We went to my parents’ house today. We had to see my father for the house floor plans. It’s this thing the Mister and I have been working on for about three years now. I had forgotten why I stopped wanting to go back. But I remember so very clearly now. My entire family refreshed my memory.
And it’s something I wish I could never remember, but you know my mind simply refuses to forget. The harder I try to forget, the more vividly the memories stir inside my head creating this pocket of pain that pulls me down the drain. I am propelled by emotion. It’s stupid.
It’s stupid to care because I’m the only one who does. I could disappear from the face of the earth and they would not miss my existence. I am a long forgotten photograph yellowing with age in some dark damp drawer that nobody opens.

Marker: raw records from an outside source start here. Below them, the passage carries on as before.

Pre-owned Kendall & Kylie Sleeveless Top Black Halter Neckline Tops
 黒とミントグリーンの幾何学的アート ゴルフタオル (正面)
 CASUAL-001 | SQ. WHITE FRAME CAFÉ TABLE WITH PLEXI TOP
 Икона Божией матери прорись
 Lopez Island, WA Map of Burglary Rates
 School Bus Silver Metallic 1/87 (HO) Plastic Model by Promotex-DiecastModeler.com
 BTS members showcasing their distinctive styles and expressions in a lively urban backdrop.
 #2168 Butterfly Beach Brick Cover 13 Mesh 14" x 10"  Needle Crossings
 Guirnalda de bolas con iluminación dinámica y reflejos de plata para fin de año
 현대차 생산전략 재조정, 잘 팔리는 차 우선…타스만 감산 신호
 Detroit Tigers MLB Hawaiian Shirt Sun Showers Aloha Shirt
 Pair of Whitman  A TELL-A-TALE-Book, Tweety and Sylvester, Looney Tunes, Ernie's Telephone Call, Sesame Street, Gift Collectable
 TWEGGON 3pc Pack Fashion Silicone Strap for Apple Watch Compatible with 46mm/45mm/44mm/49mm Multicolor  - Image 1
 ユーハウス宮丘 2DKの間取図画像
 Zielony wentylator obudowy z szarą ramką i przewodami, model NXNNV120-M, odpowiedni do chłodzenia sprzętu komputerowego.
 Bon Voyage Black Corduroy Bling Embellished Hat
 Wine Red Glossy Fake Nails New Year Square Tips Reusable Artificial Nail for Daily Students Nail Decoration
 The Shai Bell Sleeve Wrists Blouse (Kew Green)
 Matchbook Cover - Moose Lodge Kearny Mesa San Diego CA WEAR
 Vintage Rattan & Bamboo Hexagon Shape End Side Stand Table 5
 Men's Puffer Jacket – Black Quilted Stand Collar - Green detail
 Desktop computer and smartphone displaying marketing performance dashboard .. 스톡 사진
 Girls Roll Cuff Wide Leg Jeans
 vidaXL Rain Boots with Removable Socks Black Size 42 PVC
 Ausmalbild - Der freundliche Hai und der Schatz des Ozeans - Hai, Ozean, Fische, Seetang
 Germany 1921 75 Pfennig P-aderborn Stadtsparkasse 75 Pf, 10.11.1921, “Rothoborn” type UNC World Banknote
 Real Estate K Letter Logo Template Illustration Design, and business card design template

And because I felt like a stranger in the house I grew up in, I sat by steps of the back door with Chachi our dog. I sat like I did a hundred times before. I sat on the top step with my back resting against the railing, facing the wall with the dearest dog by my right arm. I could smell the dog scent, and the glorious feel of fur against my arm and hand.
That fur, that dog – used to be James, and then it was Whitney, and now, Chachi. And always, from when I was little, I used to sit by those steps and rub the dog sitting next to me until I felt like I belonged. And it dawned on me how sad my life is, that I had a family who made me feel that I was so different – completely odd- that only my pet could make me feel better.
And I felt so sad that I had given up years of my life trying to be normal the way they said I should be, but now I am still the odd one out. I should have known better. I am different, and there’s nothing wrong with that. It’s not my fault they’re all the same. And just like in highschool, I can’t make them see me if they refuse to look at me. But it hurts. And I was unprepared for the ache. I wish to simply not care. But it aches to know that I don’t belong. It hurts to see that I have fallen from their tree. I still find it so unbelievable after all this time.
What’s worse is that I’ve always known this. From the day I sat next to James and felt better, I have known that I could not seek comfort from that family because I was so very different. So I don’t understand where this hurt is coming from. I don’t understand why I want to feel like a daughter so bad when I never was. I mean, I sort of understand that a daughter is so precious, seeing as we almost had one, but when I think about it now, I don’t know what it means to be one. I want to know why they treat me so differently – making it clear that I don’t belong.
I miss my dog days. On the other hand, I am so grateful I have this Mister who takes care of me and fights with me and makes me laugh and makes me cry so that I don’t have to live with them anymore and sit with dogs everytime I feel bad.